• [Instructions to follow]:
Write out again, word for word, the lines below from the line that holds "Mutlu yaşlı anne" through the line that holds "Model wearing V-neck", omitting pictures.

== Input for this task ==

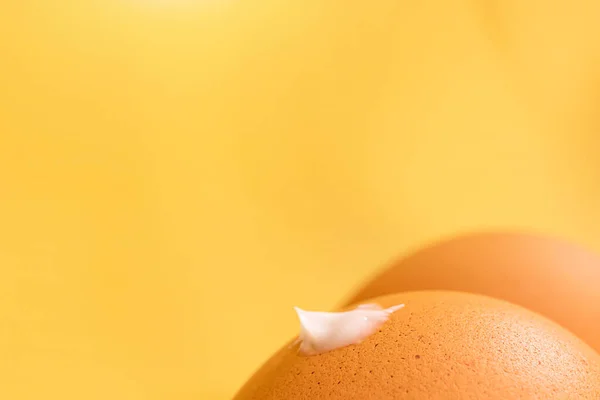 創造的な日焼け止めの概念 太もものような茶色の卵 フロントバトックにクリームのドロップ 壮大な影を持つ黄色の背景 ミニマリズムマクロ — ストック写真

===
== Input for this task ==

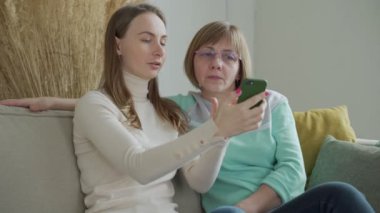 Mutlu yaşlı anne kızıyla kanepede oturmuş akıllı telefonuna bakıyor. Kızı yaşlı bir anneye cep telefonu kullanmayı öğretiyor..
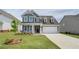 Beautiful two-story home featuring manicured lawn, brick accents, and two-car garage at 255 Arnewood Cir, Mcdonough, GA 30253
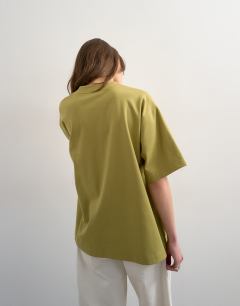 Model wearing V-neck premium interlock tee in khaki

===

• [Task response]:
 Mutlu yaşlı anne kızıyla kanepede oturmuş akıllı telefonuna bakıyor. Kızı yaşlı bir anneye cep telefonu kullanmayı öğretiyor..
 Beautiful two-story home featuring manicured lawn, brick accents, and two-car garage at 255 Arnewood Cir, Mcdonough, GA 30253
 Model wearing V-neck premium interlock tee in khaki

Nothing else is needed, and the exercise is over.